**Exercise requirements:**
Word for word, restate each of the entries below, and drop every picture.

**Collected data:**
┄┄┄┄┄┄┄┄┄┄┄┄┄┄┄┄┄┄┄┄

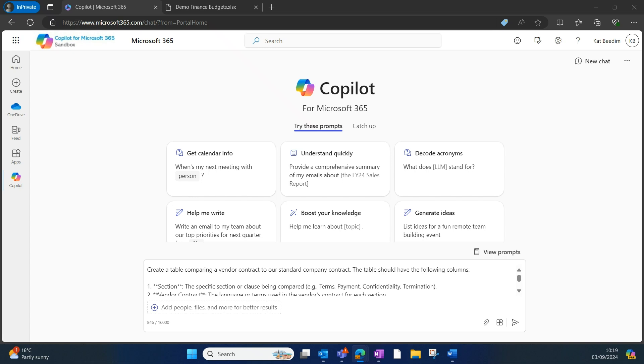One that's come up recently is a legal officer who is looking to compare a vendor contract to our standard company contract. So what I've got here is I've opened up Copilot chat, and you'll see my prompt, which I actually asked Copilot to help me write.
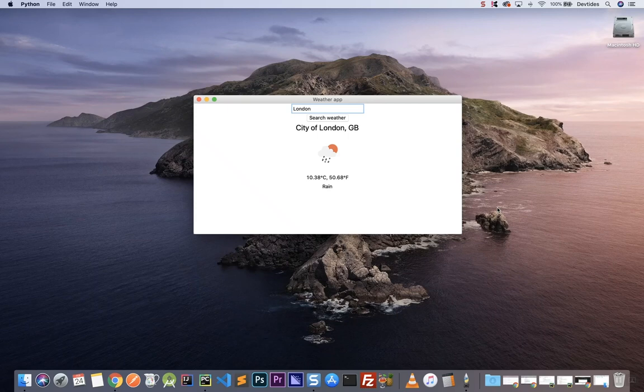Hey guys, welcome back to my channel. In this video we will be building a weather app only in Python and Tkinter. We don't need any other frameworks or libraries apart from those two.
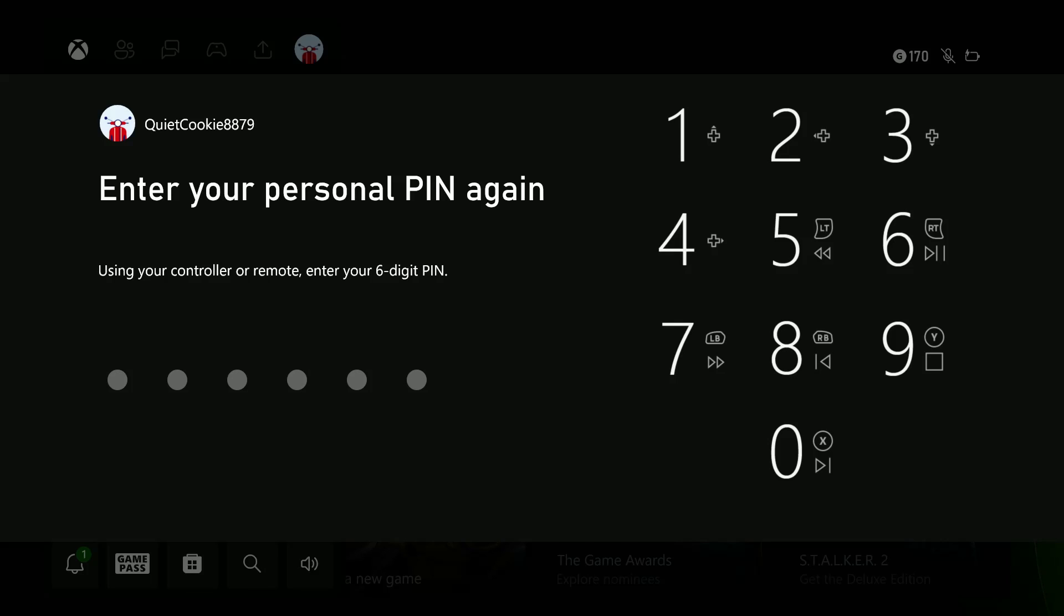Once you enter the PIN once, it's going to ask you to enter your personal PIN again. Just repeat that exact PIN. And once you do that, it's going to save that PIN. That's the PIN you're going to be using from now, moving forward. It's going to take a couple of seconds to save it.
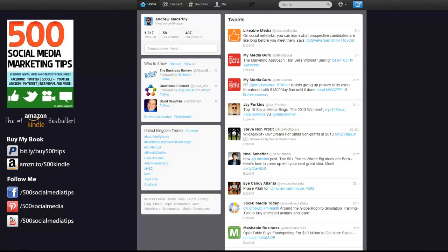Hello everybody, it's Andrew here again, author of 500 Social Media Marketing Tips. Check out the link in the description to grab your copy today.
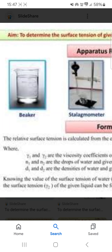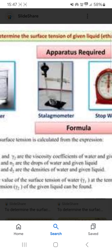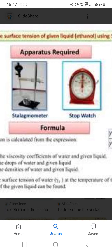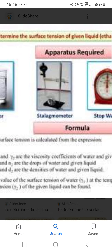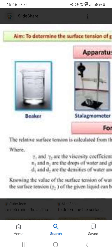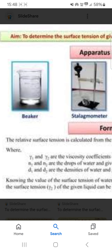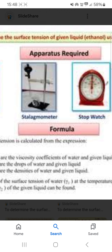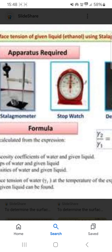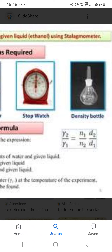Hello friends. To determine the surface tension of a given liquid — that is ethanol — using a stalagmometer, the apparatus required for this experiment is a stalagmometer, stopwatch, density meter, and water.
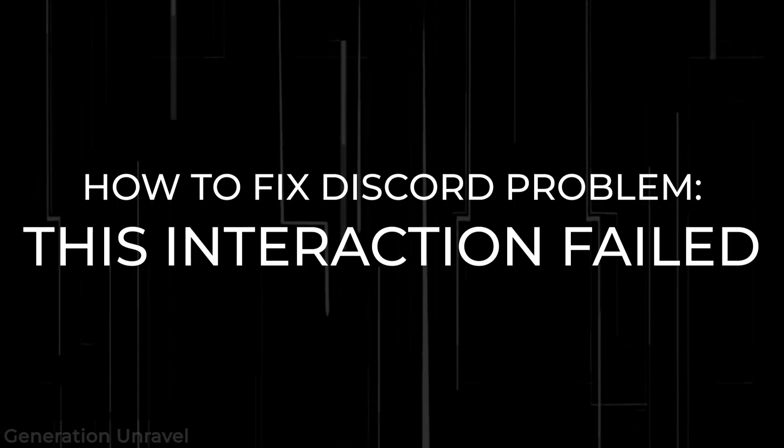Hello guys, welcome to Generation Unravel. In this video, I'll be showing you how to fix the problem with Discord concerning this interaction failed.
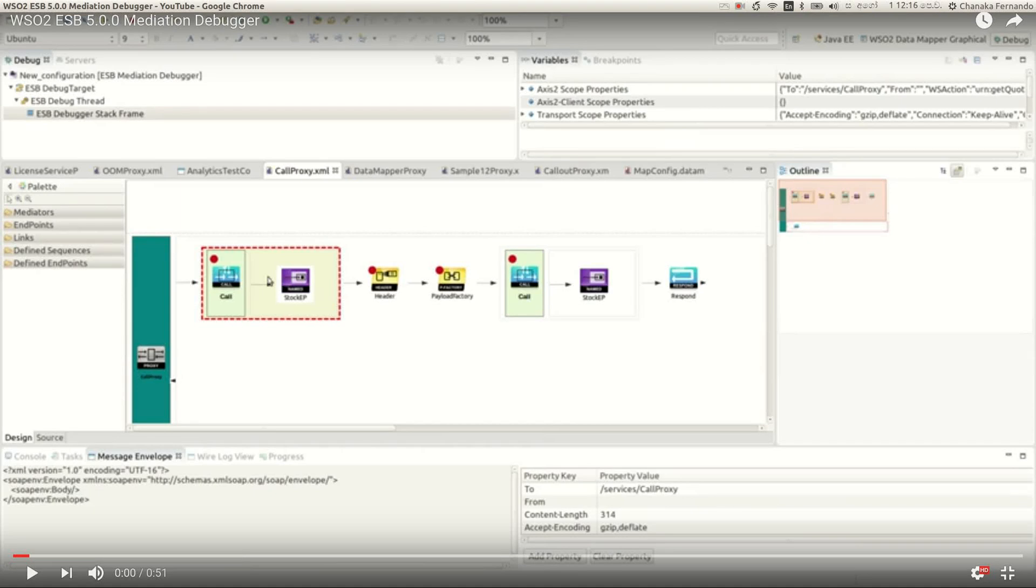In this screencast, I am going to describe the mediation debugger feature of the WSO2 ESB.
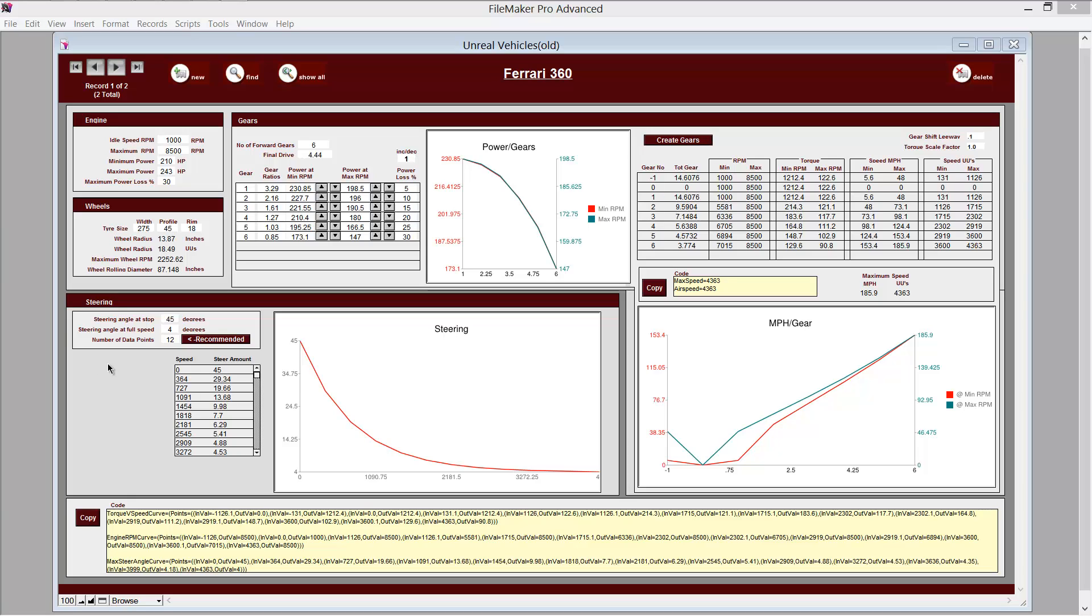Okay, this is a utility that I made using FileMaker. I made it because I found it quite difficult in code to actually visualize things like the torque v speed curve and the engine RPM curve and the steering angle curve.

┄┄┄┄┄┄┄┄┄┄┄┄┄┄┄┄┄┄┄┄

**Answer area:**
One that's come up recently is a legal officer who is looking to compare a vendor contract to our standard company contract. So what I've got here is I've opened up Copilot chat, and you'll see my prompt, which I actually asked Copilot to help me write.
Hey guys, welcome back to my channel. In this video we will be building a weather app only in Python and Tkinter. We don't need any other frameworks or libraries apart from those two.
Once you enter the PIN once, it's going to ask you to enter your personal PIN again. Just repeat that exact PIN. And once you do that, it's going to save that PIN. That's the PIN you're going to be using from now, moving forward. It's going to take a couple of seconds to save it.
Hello everybody, it's Andrew here again, author of 500 Social Media Marketing Tips. Check out the link in the description to grab your copy today.
Hello friends. To determine the surface tension of a given liquid — that is ethanol — using a stalagmometer, the apparatus required for this experiment is a stalagmometer, stopwatch, density meter, and water.
Hello guys, welcome to Generation Unravel. In this video, I'll be showing you how to fix the problem with Discord concerning this interaction failed.
In this screencast, I am going to describe the mediation debugger feature of the WSO2 ESB.
Okay, this is a utility that I made using FileMaker. I made it because I found it quite difficult in code to actually visualize things like the torque v speed curve and the engine RPM curve and the steering angle curve.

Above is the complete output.